This repo can be used to perform fine-mapping with SuSiE and CARMA on a large, shared computing cluster with reference LD from the Pan-UK Biobank resource.
• src: Contains scripts for running the pipeline.
• output: Contains the output of the finemapping process.
• data: Will contain summary statistics and lead SNPs.
The pipeline requires the use of hail and Google Cloud SDK. We can install these in a conda environment by installing from the file hail_env.yml located in the base folder:
mamba env create -f hail_env.yml
This requires that you have conda and mamba installed (mamba will drastically improve installation times).
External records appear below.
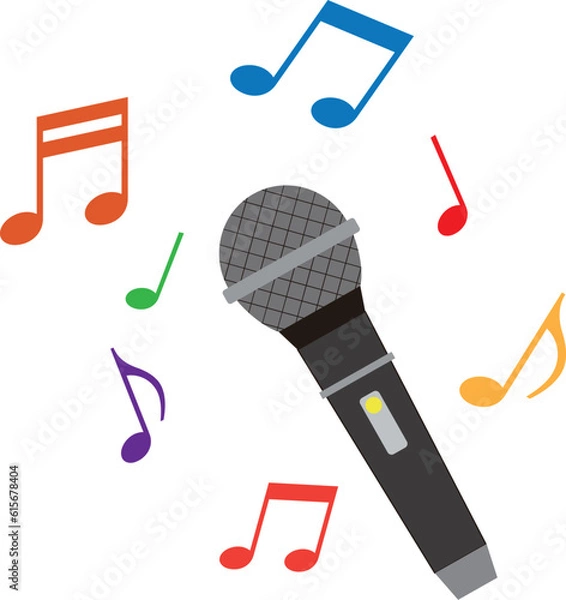 Obraz カラオケのマイクと音符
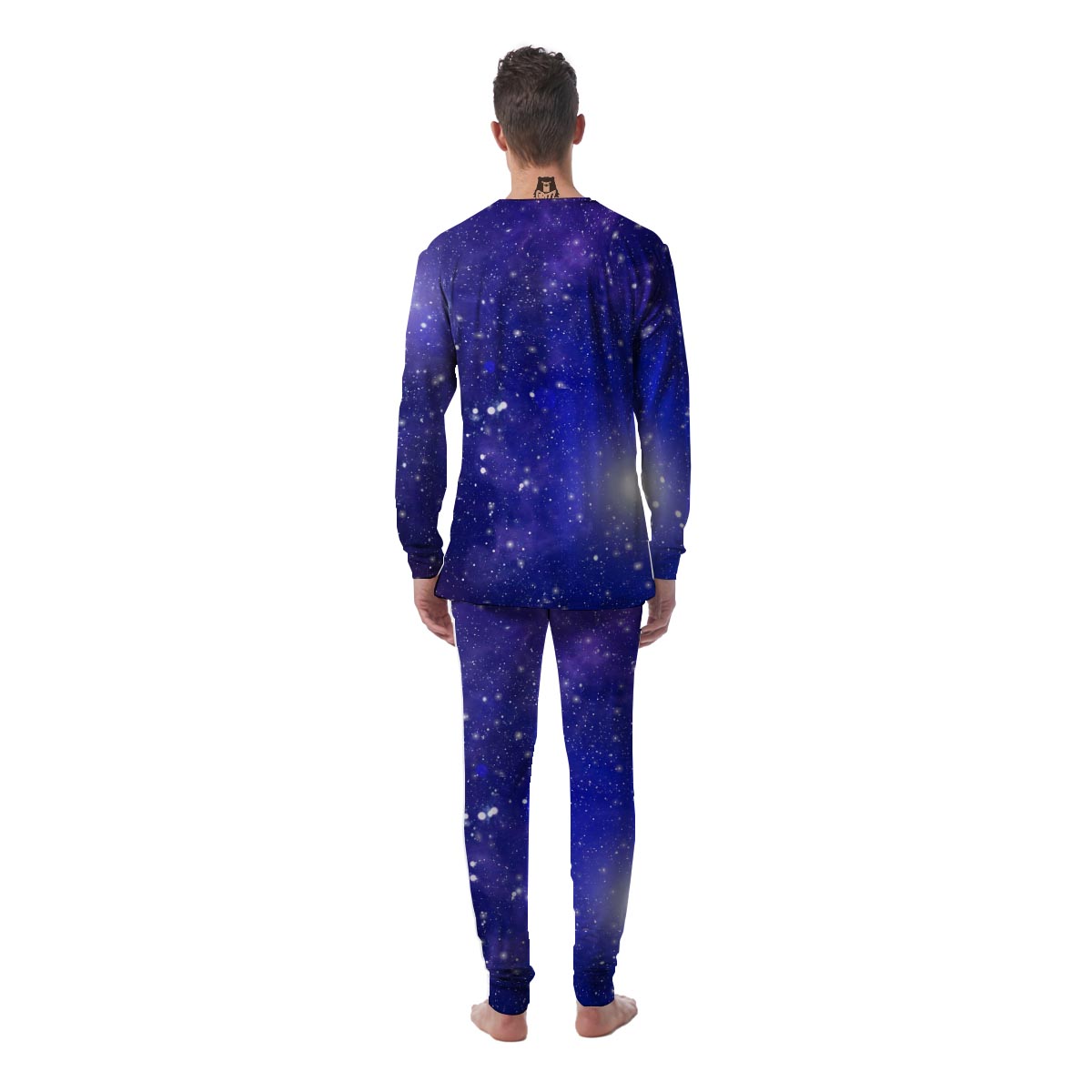 Blue Stardust Space Galaxy Men's Pajamas-grizzshop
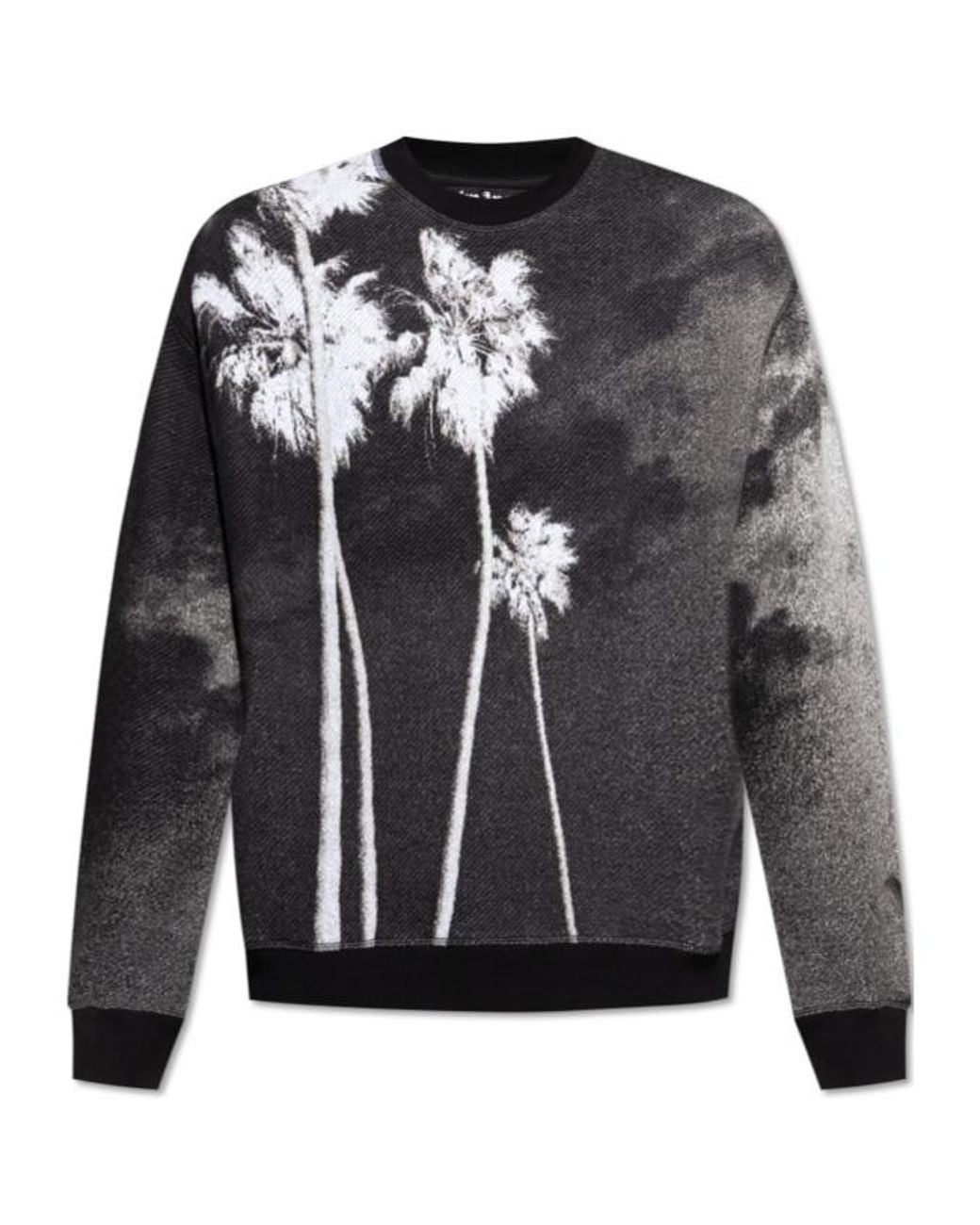 Palm Angels Gray Graphic Printed Sweatshirt for men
Once the hail environment is installed you can activate it using
conda activate hail_env
Once activated you will have to install CARMA directly in an R session:
R -e "remotes::install_github('ZikunY/CARMA')"
You will have to define project and region, and install gcloud beta in order to create a virtual machine on Google Cloud:
gcloud config set project $PROJECTID gcloud config set compute/region us-central1 gcloud components install beta
If you haven’t already, make sure to activate the conda environment for running the pipeline:
conda activate hail_env
Google Cloud Authentication
Before starting the pipeline you will have to login to gcloud:
gcloud auth login --no-launch-browser
You will receive a link to login to Google Cloud. Copy it into your browser and follow the instructions. Return the code after you have authenticated your login.
We should now be ready to run the actual pipeline. The pipeline consists of three scripts:
1.0.0_prep_locus_ss.sh - Prepares loci and uploads them to cloud
2.0.0_get_LDmat.py - Runs on the cloud to generate LD matrices
3.1.0_run_FM_per_locus.sh - Performs finemapping with Susie and CARMA
We can run the first script by navigating to the src folder and running:
sbatch src/1.0.0_prep_locus_ss.sh [/path/to/lead_SNP_file] [gcloud_sumstats_name] [/path/to/sumstats] [Ancestry] [Region size]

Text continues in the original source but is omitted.